• Aim of the task: Each line holding the string "Size" is to be copied from the data.

+++ Information provided

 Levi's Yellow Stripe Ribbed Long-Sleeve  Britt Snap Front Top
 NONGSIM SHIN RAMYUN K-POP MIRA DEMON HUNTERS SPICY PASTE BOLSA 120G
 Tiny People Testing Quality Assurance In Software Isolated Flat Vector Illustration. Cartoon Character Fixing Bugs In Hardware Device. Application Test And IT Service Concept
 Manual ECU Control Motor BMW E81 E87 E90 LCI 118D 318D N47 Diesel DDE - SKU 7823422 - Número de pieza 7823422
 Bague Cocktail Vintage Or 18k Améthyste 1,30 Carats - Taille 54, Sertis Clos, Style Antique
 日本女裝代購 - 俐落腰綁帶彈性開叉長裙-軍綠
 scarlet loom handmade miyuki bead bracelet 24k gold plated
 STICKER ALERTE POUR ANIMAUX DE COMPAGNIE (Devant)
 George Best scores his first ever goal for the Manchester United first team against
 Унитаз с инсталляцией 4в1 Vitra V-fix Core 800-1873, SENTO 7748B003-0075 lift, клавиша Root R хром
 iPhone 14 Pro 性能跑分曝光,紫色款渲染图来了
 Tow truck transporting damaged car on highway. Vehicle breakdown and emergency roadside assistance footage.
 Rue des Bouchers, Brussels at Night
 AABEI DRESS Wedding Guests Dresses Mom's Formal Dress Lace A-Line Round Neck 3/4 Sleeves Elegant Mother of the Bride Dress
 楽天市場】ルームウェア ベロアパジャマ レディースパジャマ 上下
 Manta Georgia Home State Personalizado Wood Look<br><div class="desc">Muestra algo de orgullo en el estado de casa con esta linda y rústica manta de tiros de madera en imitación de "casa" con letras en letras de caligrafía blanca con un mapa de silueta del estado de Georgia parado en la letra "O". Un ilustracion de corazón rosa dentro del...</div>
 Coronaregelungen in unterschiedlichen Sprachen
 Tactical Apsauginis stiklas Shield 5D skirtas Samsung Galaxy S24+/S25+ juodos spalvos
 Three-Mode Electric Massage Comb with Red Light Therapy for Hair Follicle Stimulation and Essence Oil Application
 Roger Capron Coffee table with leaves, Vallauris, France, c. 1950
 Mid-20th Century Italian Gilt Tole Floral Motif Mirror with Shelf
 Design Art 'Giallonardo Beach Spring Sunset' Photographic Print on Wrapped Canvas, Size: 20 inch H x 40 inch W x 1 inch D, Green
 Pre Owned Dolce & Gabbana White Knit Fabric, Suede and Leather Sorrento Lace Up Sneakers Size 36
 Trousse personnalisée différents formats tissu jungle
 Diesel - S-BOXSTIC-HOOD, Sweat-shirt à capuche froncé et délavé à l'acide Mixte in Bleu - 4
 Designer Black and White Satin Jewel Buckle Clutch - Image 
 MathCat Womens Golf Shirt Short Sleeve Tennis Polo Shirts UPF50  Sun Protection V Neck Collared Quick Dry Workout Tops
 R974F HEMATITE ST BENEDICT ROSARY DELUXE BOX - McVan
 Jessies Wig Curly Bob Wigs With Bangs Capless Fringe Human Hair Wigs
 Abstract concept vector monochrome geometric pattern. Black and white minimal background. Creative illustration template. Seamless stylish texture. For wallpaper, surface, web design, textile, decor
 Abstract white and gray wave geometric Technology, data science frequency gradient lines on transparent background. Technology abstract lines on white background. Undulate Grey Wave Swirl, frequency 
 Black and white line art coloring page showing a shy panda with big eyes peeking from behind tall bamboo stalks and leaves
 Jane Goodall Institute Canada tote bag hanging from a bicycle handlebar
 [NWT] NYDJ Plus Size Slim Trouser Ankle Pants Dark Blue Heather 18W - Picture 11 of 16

++++++

• Output for this exercise:
 Design Art 'Giallonardo Beach Spring Sunset' Photographic Print on Wrapped Canvas, Size: 20 inch H x 40 inch W x 1 inch D, Green
 Pre Owned Dolce & Gabbana White Knit Fabric, Suede and Leather Sorrento Lace Up Sneakers Size 36
 [NWT] NYDJ Plus Size Slim Trouser Ankle Pants Dark Blue Heather 18W - Picture 11 of 16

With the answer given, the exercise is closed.